De maneira irresponsável, o Estado finge que não é com ele. O relativo sucesso inicial das UPPs basta para garantir a reeleição dos políticos, os mesmos que nunca souberam olhar para a frente, apenas para baixo – para o próprio bolso. Garante-se aos moradores das comunidades e de toda a cidade que a vida pode ser melhor, mais segura, mais decente, para deixar que ela aos poucos volte a ser ainda pior do que antes. Ao mesmo tempo, o risco de vida para os policiais, a maioria deles oriunda das mesmas comunidades, aumenta exponencialmente: os poucos meses de 2017 já registram mais de 50 policiais assassinados. Que a polícia do Estado, de alvo fácil, também se torne a mais letal do país, é consequência lógica de ter sido jogada numa guerra para a qual não foi e não é minimamente preparada.

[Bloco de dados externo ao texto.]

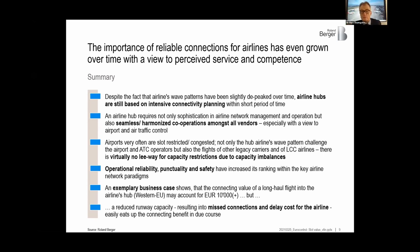Thank you very much, Matthias, for this very interesting and illustrative view on the importance of capacity reliability for airlines. Let's move now to the airport side and airport planning in particular. Manuel, welcome — we're going to listen to you.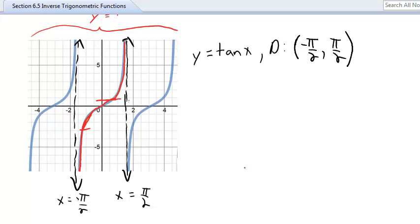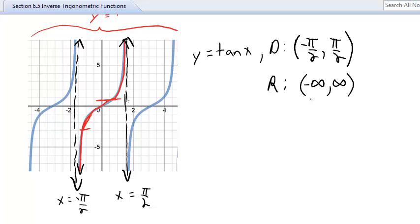Values as close to ±π/2 as you want are included, but π/2 and −π/2 themselves are excluded. The range of the tangent function is all real numbers: (−∞, ∞), since it goes all the way up and down.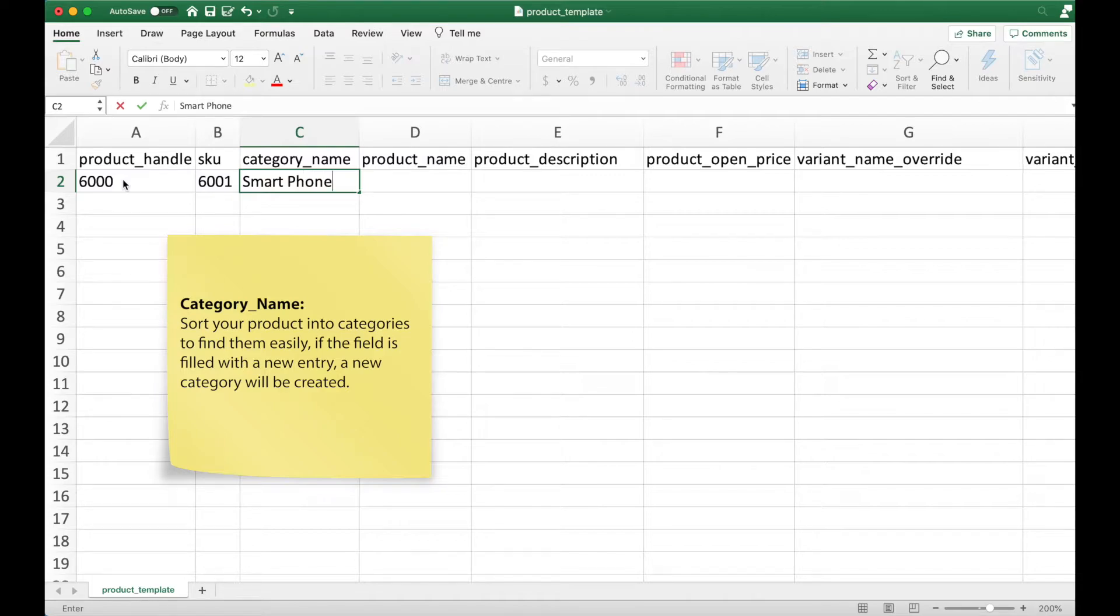If the entry you filled in is a new value, a category will be created based on that value.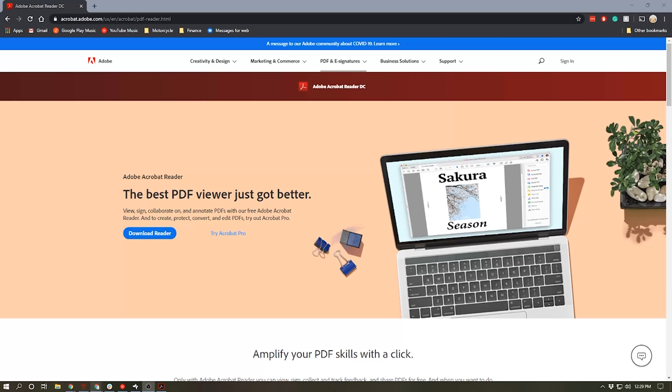On Windows 10, my go-to application to electronically sign documents is Adobe Acrobat. Now I use Adobe Acrobat Pro because I have a Creative Cloud subscription, but if you don't want to pay for Adobe Acrobat, you can use Adobe Acrobat Reader, which is free and it can be downloaded on this webpage.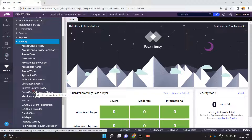Usually we never come across these rules or even explore them, because this is related to security and it is a one-time configuration. We don't make changes on a daily basis. While designing your application from a security perspective, you have to take precautions. As a developer, you must understand each and everything, so let's open the Cross Origin Resource Sharing rule.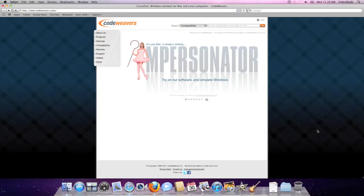This video will show you how to install Internet Explorer on your Mac using Crossover Mac version 10, also known as Impersonator.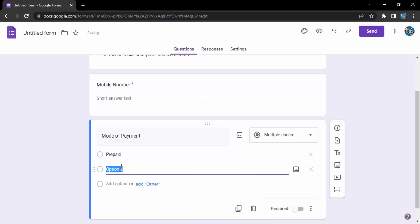To add another option I just click on add option button and it will give me the option to add another option and that would be cash on delivery.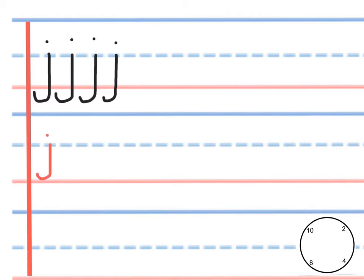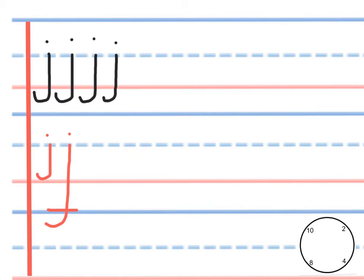And another problem might be making the tail too long. I always tell the students that the tail should not go past the next line at the bottom. The other thing is it needs to start with a short straight line, so sometimes students will make it very round like that, and it needs to be straight.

Para mostrar a estreita relação do processo da segurança com o da educação, acompanhamos a estatística do vestibular da UERJ, que disponibiliza 45% das suas vagas para os cotistas. Constata-se, ao longo dos últimos anos, o preenchimento cada vez menor das vagas reservadas às cotas. Em 2014, apenas 31,92% das vagas dos cotistas são preenchidas; em 2015, a porcentagem cai para 29,75%; em 2016, a porcentagem continua caindo, embora menos, para 29,43%; em 2017, com a crise da UERJ, o número cai drasticamente, porque apenas 22,16% das vagas dos cotistas, ou seja, metade delas, são preenchidas. 

Por que isso acontece? Ora, a população percebe a hipocrisia da política: fala-se em pacificação, mas se promove uma guerra com mais vítimas do que nas guerras declaradas; fala-se em inclusão e democratização, mas se promove o esfacelamento das escolas e das universidades; criam-se as cotas, mas não se pagam as bolsas-permanência, indispensáveis para os cotistas não precisarem escolher entre tomarem o ônibus, se alimentarem ou comprarem um livro, ainda que usado. 

A política afirmativa das cotas é uma política de reparação e compensação: ela não pode ser eterna. Precisa se associar à melhoria radical do ensino público, tanto fundamental quanto médio, para garantir que as cotas não sejam mais necessárias. Essa melhoria radical, entretanto, só o será se cuidar da raiz da educação, ou seja, do professor. 

O governo federal anterior até tentou ações tímidas nesse sentido, estabelecendo um piso salarial nacional do magistério. Só que nem este piso, ainda muito baixo, foi obedecido por diversos estados da federação, o que o tornou letra morta. A profissão de professor não só não atrai os melhores alunos das escolas, como ensinam os países que cuidaram direito do problema, como ainda empobrece, humilha, agride, adoece e mata aqueles que ainda tentam resistir nas salas de aula. 

Que país é este, podemos perguntar mais uma vez. Ora, se olharmos o nível intelectual e cultural dos nossos políticos e dos nossos dirigentes, respondemos com segurança: é um país, para dizer o mínimo, que tem raiva de professor, ódio da educação e nojo de livros.